1. Elliott Incorporated manufactures garden tools, and although the manufacturing equipment is perfectly functional, it is not modern.

2. Upgrading to modern equipment would speed up the manufacturing process such that direct labor and variable manufacturing costs would be reduced by 40% on a per-unit basis. Hint: You do not need current units produced to calculate this problem.

3. The cost of such an upgrade would equal $1,500,000 per year for depreciation and financing costs net of tax benefits of these costs.

4. The additional costs would be accounted for as fixed manufacturing overhead.

5. Elliott is currently operating at full capacity and management believes they could increase sales to $6,000,000 at current prices if they had additional capacity.

Elliott's current sales and costs are as follows:

Sales

$4,500,000

Direct materials

780,000

Direct labor

1,540,000

Manufacturing overhead-variable

364,500

Manufacturing overhead-fixed

750,000

Selling expenses-variable

90,000

Selling expenses-fixed

250,000

Administrative expenses-variable

60,000

Administrative expenses-fixed

200,000

a.
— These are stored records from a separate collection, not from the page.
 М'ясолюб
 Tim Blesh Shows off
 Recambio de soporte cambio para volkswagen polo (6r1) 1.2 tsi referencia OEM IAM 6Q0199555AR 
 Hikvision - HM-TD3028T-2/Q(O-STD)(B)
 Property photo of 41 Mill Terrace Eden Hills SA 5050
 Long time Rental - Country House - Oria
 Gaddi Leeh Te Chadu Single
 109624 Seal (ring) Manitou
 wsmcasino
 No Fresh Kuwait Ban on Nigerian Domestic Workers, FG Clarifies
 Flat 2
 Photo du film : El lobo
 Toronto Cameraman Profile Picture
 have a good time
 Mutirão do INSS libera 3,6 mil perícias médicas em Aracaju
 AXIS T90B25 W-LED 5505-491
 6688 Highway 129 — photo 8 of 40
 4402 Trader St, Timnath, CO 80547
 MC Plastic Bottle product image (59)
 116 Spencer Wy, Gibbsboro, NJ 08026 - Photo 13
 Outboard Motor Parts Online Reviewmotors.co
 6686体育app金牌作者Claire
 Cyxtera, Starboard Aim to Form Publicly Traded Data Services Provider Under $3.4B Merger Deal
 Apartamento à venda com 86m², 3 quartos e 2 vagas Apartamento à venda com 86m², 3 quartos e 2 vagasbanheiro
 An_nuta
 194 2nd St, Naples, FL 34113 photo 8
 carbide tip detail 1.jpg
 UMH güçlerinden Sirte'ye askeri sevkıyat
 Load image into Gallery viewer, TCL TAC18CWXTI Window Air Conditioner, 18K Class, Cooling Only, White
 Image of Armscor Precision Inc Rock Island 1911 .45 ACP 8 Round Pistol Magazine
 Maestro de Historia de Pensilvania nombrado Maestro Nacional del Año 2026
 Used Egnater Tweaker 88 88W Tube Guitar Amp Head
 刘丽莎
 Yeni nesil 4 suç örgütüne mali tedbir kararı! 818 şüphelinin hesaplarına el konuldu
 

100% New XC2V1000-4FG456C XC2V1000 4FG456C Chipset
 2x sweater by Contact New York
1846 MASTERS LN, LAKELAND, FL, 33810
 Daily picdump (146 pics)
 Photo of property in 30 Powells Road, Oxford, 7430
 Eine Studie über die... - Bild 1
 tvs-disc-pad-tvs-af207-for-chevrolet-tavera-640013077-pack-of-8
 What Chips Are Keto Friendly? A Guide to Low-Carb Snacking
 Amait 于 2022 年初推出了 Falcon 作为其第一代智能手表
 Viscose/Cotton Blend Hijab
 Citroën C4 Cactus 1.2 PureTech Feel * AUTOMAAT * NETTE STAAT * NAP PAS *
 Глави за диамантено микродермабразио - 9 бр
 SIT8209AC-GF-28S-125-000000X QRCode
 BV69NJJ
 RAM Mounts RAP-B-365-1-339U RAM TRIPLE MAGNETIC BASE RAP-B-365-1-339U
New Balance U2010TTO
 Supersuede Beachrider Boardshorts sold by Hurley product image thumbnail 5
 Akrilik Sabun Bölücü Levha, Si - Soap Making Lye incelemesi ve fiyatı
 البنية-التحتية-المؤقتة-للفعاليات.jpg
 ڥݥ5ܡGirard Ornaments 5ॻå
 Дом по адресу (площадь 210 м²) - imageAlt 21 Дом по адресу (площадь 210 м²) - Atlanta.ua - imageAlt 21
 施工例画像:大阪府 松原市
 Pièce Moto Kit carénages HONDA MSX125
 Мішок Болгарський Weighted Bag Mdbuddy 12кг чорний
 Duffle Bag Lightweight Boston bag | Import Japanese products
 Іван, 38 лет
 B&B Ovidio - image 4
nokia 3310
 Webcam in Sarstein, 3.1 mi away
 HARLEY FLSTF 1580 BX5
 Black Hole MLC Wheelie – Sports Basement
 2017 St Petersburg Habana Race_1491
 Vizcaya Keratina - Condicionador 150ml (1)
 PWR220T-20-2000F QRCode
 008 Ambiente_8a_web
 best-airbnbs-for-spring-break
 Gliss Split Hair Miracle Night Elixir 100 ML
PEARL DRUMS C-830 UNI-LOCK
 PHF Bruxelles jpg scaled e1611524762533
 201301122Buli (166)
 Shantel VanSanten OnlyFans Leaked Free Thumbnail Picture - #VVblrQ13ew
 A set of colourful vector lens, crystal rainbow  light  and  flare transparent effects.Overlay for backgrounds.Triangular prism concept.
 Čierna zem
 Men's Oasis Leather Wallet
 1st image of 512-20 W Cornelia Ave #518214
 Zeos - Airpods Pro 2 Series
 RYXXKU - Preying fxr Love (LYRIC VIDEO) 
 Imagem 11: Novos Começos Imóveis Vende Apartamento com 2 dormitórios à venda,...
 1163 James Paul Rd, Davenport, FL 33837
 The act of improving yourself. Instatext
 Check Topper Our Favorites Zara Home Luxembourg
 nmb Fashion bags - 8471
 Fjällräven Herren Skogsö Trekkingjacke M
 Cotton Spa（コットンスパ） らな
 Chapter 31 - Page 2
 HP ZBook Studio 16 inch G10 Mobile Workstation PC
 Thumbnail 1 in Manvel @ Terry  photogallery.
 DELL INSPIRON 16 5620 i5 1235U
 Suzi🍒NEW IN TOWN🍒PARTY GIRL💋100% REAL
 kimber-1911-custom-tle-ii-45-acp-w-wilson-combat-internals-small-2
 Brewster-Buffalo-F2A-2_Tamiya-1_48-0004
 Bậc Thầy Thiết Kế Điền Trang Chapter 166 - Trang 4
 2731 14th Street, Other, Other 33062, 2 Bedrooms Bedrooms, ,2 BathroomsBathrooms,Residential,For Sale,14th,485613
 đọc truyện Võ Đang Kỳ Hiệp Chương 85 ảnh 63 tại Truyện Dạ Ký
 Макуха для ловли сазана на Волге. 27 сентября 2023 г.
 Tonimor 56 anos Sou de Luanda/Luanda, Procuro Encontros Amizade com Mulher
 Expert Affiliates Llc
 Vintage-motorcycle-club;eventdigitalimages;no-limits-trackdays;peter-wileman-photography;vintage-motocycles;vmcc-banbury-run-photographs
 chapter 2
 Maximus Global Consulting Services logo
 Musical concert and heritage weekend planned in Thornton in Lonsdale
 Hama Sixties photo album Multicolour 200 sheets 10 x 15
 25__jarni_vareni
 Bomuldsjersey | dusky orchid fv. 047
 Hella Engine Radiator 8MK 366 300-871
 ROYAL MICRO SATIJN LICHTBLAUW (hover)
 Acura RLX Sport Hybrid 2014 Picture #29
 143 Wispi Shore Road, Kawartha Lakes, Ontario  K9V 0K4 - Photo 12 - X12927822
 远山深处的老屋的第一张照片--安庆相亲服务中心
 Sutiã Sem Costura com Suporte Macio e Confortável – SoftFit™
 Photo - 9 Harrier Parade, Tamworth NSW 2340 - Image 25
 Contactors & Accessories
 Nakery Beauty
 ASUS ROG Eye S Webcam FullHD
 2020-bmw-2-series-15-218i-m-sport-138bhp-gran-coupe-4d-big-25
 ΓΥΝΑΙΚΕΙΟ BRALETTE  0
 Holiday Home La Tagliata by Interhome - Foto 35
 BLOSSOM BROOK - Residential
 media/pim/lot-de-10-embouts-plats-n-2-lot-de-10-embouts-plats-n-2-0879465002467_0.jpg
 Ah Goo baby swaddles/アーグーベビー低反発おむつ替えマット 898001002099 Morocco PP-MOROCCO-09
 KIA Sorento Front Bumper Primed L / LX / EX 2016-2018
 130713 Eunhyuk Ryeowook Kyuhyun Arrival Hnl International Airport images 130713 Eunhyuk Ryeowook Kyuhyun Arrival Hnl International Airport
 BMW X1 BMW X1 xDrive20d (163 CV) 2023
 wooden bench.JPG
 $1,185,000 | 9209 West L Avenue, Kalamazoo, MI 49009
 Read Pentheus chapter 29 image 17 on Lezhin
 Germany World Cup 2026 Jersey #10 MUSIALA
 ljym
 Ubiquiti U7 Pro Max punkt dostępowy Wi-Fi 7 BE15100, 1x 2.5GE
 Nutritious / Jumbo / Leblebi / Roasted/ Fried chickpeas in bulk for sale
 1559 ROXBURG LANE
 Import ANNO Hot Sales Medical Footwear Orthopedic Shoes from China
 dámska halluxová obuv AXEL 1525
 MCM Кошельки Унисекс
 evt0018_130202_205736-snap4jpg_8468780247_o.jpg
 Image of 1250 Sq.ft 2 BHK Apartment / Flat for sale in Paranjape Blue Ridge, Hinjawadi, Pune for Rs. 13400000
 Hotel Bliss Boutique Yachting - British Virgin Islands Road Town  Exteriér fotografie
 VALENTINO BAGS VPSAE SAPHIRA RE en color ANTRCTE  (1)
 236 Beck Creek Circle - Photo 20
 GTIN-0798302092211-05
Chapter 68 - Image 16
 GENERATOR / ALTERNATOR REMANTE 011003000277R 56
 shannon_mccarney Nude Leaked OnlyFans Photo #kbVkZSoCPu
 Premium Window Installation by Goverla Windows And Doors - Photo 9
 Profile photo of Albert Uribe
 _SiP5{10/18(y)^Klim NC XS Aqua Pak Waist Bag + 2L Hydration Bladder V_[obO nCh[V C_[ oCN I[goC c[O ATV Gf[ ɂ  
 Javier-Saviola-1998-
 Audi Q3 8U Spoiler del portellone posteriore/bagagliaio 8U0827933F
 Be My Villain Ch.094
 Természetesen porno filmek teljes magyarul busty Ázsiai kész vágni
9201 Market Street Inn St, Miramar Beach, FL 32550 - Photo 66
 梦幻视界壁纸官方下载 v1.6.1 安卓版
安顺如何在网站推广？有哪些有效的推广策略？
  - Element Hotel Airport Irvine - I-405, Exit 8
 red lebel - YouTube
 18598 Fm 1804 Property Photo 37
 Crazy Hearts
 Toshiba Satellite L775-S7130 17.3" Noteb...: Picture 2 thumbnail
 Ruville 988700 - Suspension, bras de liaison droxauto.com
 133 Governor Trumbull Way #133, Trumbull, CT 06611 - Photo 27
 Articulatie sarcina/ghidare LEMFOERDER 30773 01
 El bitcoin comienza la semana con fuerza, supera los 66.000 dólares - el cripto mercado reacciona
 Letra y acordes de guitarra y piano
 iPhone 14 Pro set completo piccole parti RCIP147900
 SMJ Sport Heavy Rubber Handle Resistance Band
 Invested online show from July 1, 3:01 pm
Prepare a CVP for Elliott based on the current production.
b. Compute contribution margin ratio for current production.
c. Compute breakeven dollars for current production.
d. Prepare a CVP based on the proposed equipment upgrade.
e. Compute contribution margin ratio based on the proposed equipment upgrade.
f. Compute breakeven dollars for current production.
g. Should Elliott proceed with the proposed upgrade?